Ich hab den Fehler inzwischen gefunden.
Das Problem war wirklich, dass Java den String autom. beim Speichern in die vorgegebene Konvention umwandelt. Somit hatte ich einen ISO String (vom Browser her übergeben bekommen), den Java dann beim speichern in UTF8 umgewandelt hat.
Gibt man nun beim OutputStreamWriter das entsprechende Charset (ISO-8859-1) an wird die Textdatei auch entsprechend gespeichert und alles ist wunderbar .

Dank dir auf jeden Fall für die Mühe


----------



## orkus9 (17. März 2005)

Ich denke nicht, dass deine Probleme damit gelöst sind.
Die Frage ist nicht, WIE  man UTF8 Strings/Dateien in ISOXXXX umwandelt,
sondern WARUM  man diese tut!

Viele Leute verstehen (fälschlicher weise) UTF8 als eine Erweiterung von ISOXXXX.
Dies ist NICHT der Fall. UTF8 ist das Standartencoding heutzutage, warum sollte man einen Schritt zurück machen und ISOXXXX verwenden?

Konkret zu deiner Frage:
Java-Quellcode sollte auf jeden Fall in UTF8 abgespeichert werden. Alle von Java 
generierten Dateien sowieso. Warum das gemacht werden sollte, kannst du auf dutzenden Seiten nachlesen.   Dies würde den Thread hier sprengen 
Wenn du Probleme bei der Darstellung der Java-erzeugten
Datei hast, liegt es an deinem Editor. Dummerweise sind die meisten Editoren nicht auf 
UTF8 enconding eingestellt (warum auch immer ist mir ein Rätsel).
Lade einfach einen Editor runter, wo du das Encoding ändern kannst und schon passt die sache.

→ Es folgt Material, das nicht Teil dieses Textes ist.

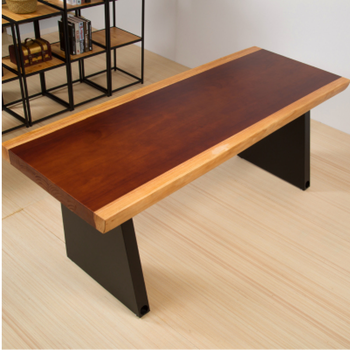 北欧实木会议桌椅组合 洽谈桌长桌简约现代铁艺餐桌 长方形接待桌 单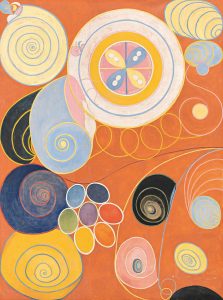 Hilma af Klint, Les Dix Plus Grands n° 3, Jeunesse, 1907 : formes organiques et signes sur fond orange
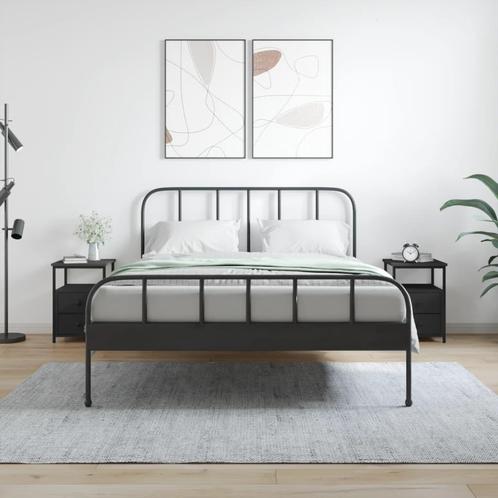 vidaXL Nachtkastjes 2 st 34x35,5x50 cm bewerkt hout zwart, Huis en Inrichting, Slaapkamer | Nachtkastjes, Nieuw, Minder dan 45 cm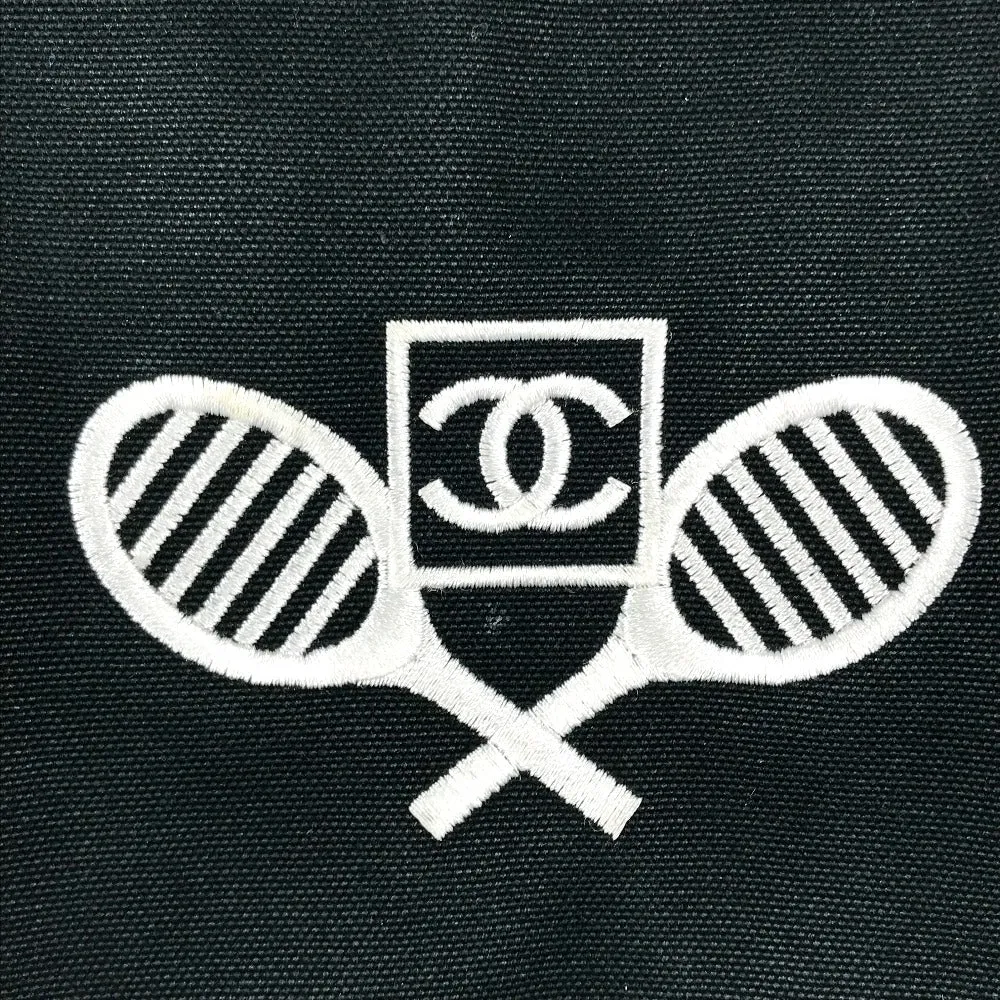 CHANEL Shoulder Bag canvas black Tennis Sports CC COCO Mark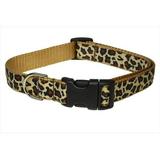 Sassy Dog Wear Leopard Dog Collar- Natural - Medium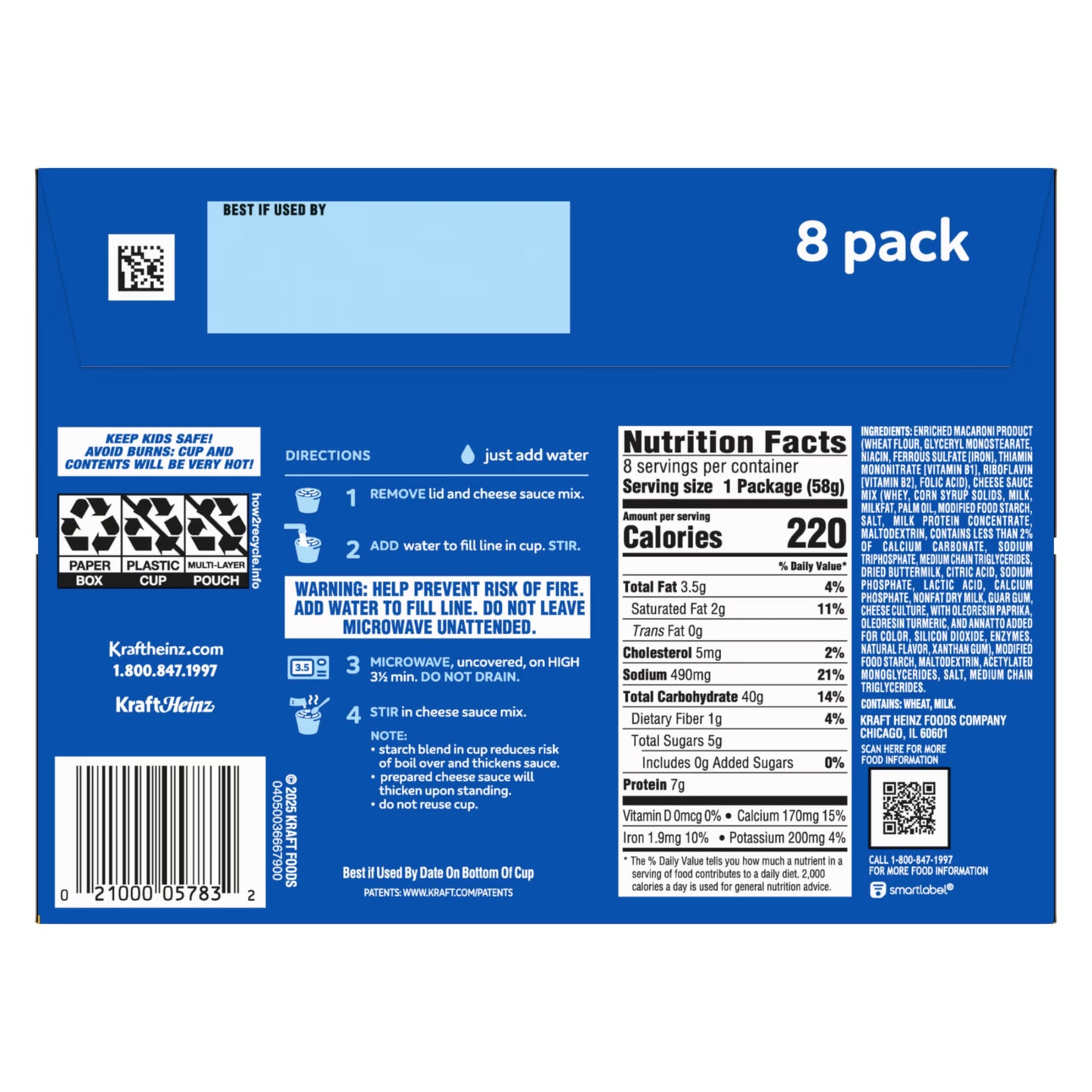 Kraft Mac and Cheese, 8 Cups, for Easy Dinner or Dinner Sides, Original Flavor, No Artificial Flavors, Preservatives or Dyes, 2.05 oz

Mache nicht den Anfängerfehler und spiele mit ISOXXXX encoding rum. Bei großen Anwendungen führt das über kurz oder lang zu eventuell sehr schwer zu findenden Fehlern.

Darum mein Tip (aus Erfahrung):

Speichere sowohl den Java-Quellcode, wie auch alle anderen Dateien (z.B. erzeugte Dateien) in UTF8. Dann hast du keine Probleme. Wenn du z.B. eine Datei einliest, die 
nicht in UTF8 ist, wandle diese erst in UTF8 um und bearbeite diese erst dann.

Schöne Grüße

orkus9


----------



## JoFl (18. März 2005)

Du hast das falsch verstanden .

Ich muss eine JavaScript Datei erstellen, in der lediglich ein Text auf eine Variable zugewiesen wird, welche dann von einer HTML-Datei als .js geladen wird. Dies ist notwendig, da es sich hierbei um ein CMS System handelt. Diese .js Datei allerdings ist für JavaScript komplett untauglich, wenn sie in UTF8 geschrieben ist, da dort komischerweise nur ISO angezeigt wird.

Bei Dateien, die Java speichert und wieder ausliest (oder XML) spielt das ganze natürlich keine Rolle, aber in diesem speziellen Fall leider schon.

In welchem Format ich die Sourcen speichere spielt primär keine Rolle, da dies nur Sache des Editors ist. Theoretisch benötige ich nur den ASCII-Zeichensatz um programmieren zu können . Auch ist die Implementierung von UTF8 in Windows nicht gerade berauschend. UTF8 daher als Standard zu sehen würde ich mal gut 2 Jahre in die Zukunft verschieben.


----------